Nov 09 09:25:10 merkaba systemd[1]: atopacct.service: Unit entered failed
state.
Nov 09 09:25:10 merkaba systemd[1]: atopacct.service: Failed with result
'resources'
(I report this as one another bug when I get the chance, Mark, this again is
the /run/pacct_shadow.d: File exists issue I stumbled across before)
merkaba:~#3> rm -r /run/pacct_shadow.d
merkaba:~> systemctl stop atopacct
merkaba:~> ps aux | grep "[a]top"
merkaba:~#1> systemctl start atopacct ; strace -tt -f -o /tmp/atop.strace -p $
( pidof /usr/sbin/atopacctd )
strace: Process 14074 attached
4) merkaba:~> strace -tt -f -o /tmp/atop.strace atop 1 1 >/tmp/atop.out
Waited till some seconds after completion
5) merkaba:~> systemctl start atopacct ; strace -tt -f -o /tmp/atopacct.strace
-p $( pidof /usr/sbin/atopacctd )
strace: Process 14233 attached
^Cstrace: Process 14233 detached
Files attached. atopacct.strace is quite small.

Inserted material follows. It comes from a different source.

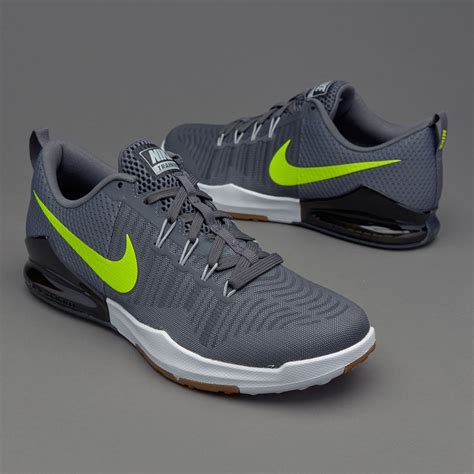 Nike Men's Zoom Train Action Training Shoes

The strace misses the startup
of atopacctd even tough I directly start if after the systemctl start.
Thank you,
Observations ATOP system call trace:
------------------------------------
When atop starts, the following steps are taken:
1) Check if process accounting is controlled by the atopacct
daemon (verify the presence of a semaphore for this).
2) Read the first process accounting record in the current
shadow file to determine the type of accounting record.
3) If the current shadow file is empty (in case that the first
atop incarnation is started), for a child process which
immediately terminates to force an accounting record to
be written to the current shadow file.
Afterwards repeat step 2).
4) If the current shadow file is still empty after
forking/terminating a child process, apparently process
accounting does not work properly.
This is the reason why atop indicates "no procacct"!!
Observations ATOPACCTD system call trace:
------------------------------------
When atopacctd runs, the following steps are taken:
1) Wait for a message from the netlink socket (neutral
state).
2) When a process terminates, atopacctd receives
a message from the netlink socket releasing atopacctd
from its wait state.
3) Read the new process accounting record(s) from the pacct_source file
and write them
to the shadow file if at least one atop process is active (which is
the case here).
4) Continue with step 1.
The system call trace shows that atopacctd does NOT receive
a message from the netlink socket at the moment that atop
forks/terminates a child process. It remains pending in step 1.
Therefore atop thinks that process accounting is not activated.
So the question is why atopacctd is not informed by the kernel
via the netlink socket about the termination of a process?
And why does it only happen on this test system (I never encounter
these problems on my own system, neither do a lot of other atop users)?
1) Is the netlink interface configured in this kernel?
It is one of the options you can select while configuring the kernel.
2) Can you anyhow see that the pacct_source ever grows on this system?
If so, the process accounting mechanism and the netlink socket
anyhow works.
3) Is the psacct package installed on this system?
Sometimes this package disturbs the process accounting mechanism,
because
it switches on process accounting by itself.